Task statement: Write out, from the entries below, exactly the lines that run between the lines holding "5) Выложить рис" and "Building Photo - Spacious", inclusive, and stop there.

+++ Records shown

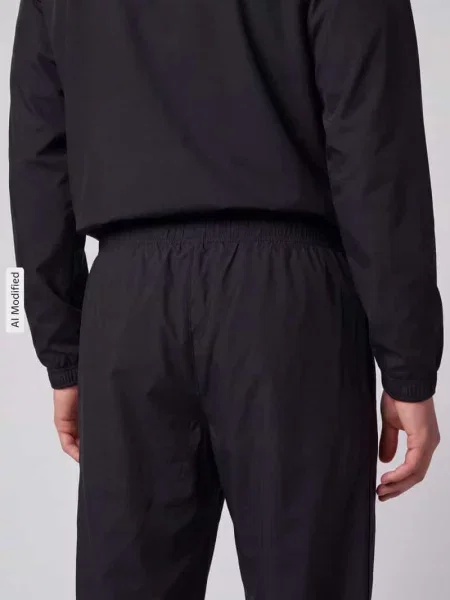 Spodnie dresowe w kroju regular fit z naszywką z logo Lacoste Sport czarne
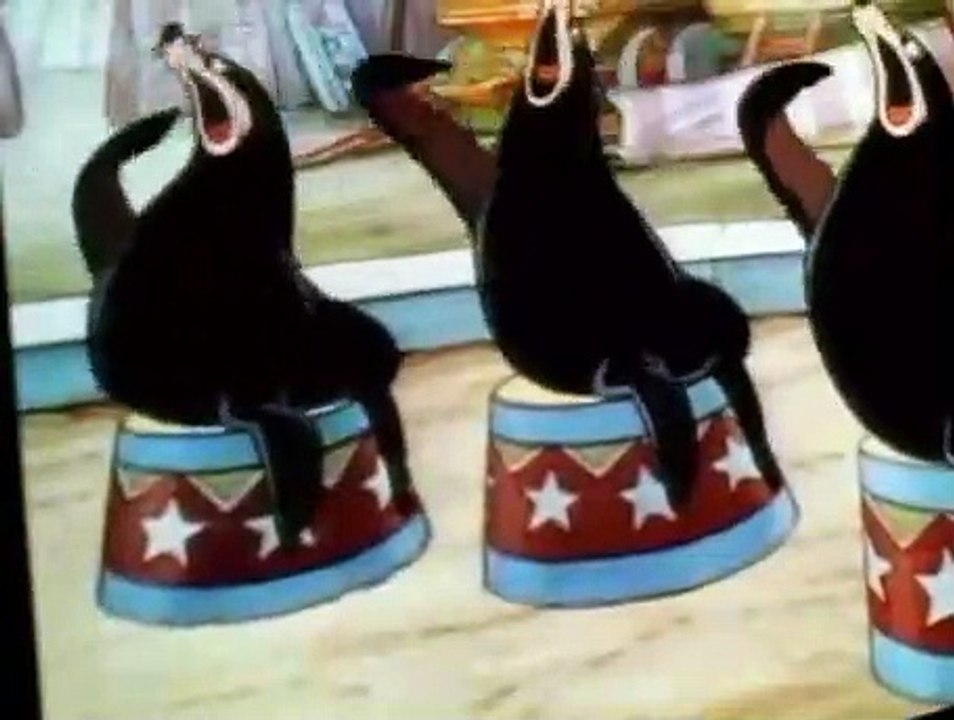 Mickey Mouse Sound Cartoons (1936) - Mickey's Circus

++++++
+++ Records shown

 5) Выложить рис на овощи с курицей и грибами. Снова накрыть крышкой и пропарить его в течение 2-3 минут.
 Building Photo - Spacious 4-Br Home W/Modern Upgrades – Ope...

++++++
+++ Records shown

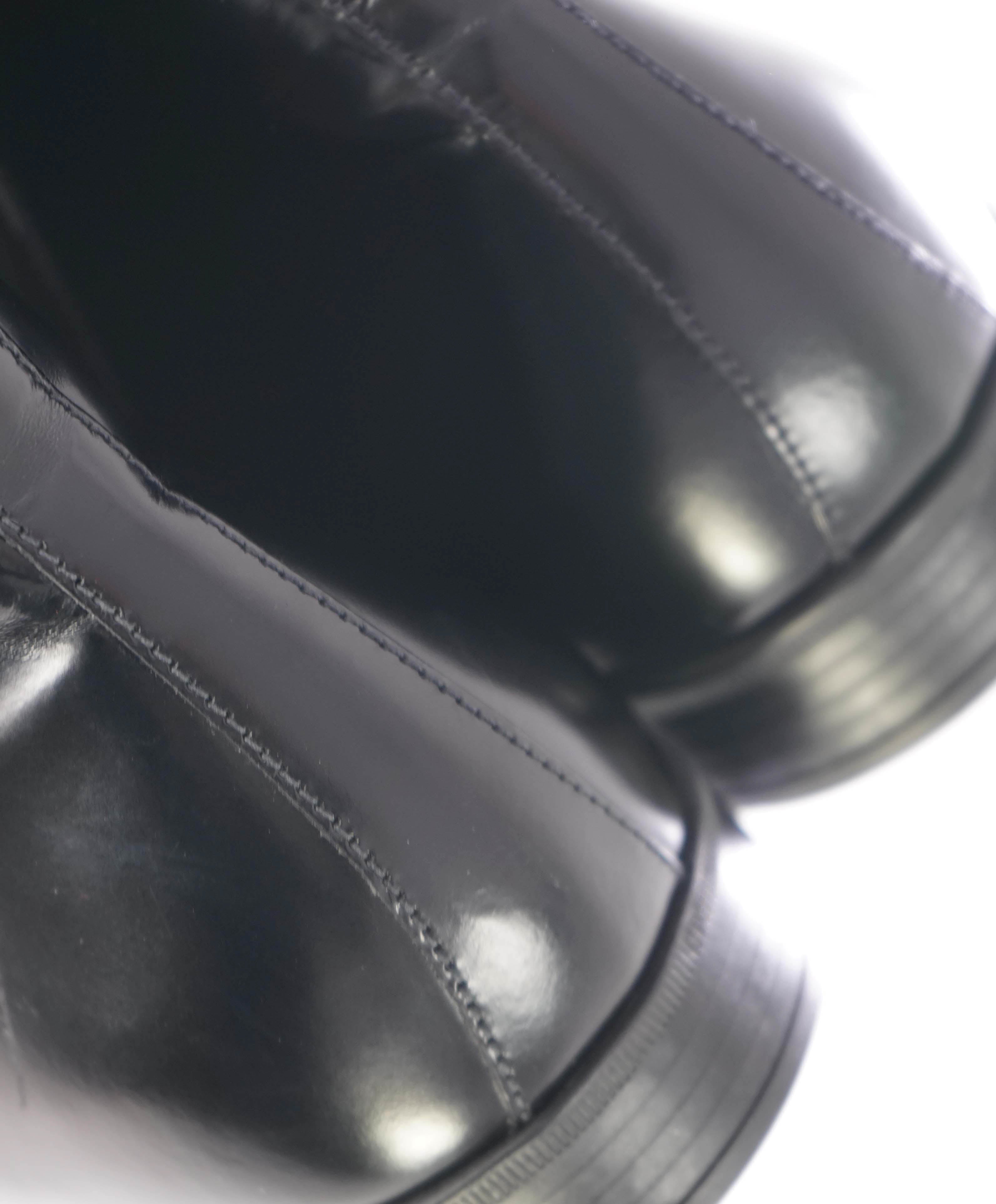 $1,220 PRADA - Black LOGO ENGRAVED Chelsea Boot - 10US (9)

++++++

Response:
 5) Выложить рис на овощи с курицей и грибами. Снова накрыть крышкой и пропарить его в течение 2-3 минут.
 Building Photo - Spacious 4-Br Home W/Modern Upgrades – Ope...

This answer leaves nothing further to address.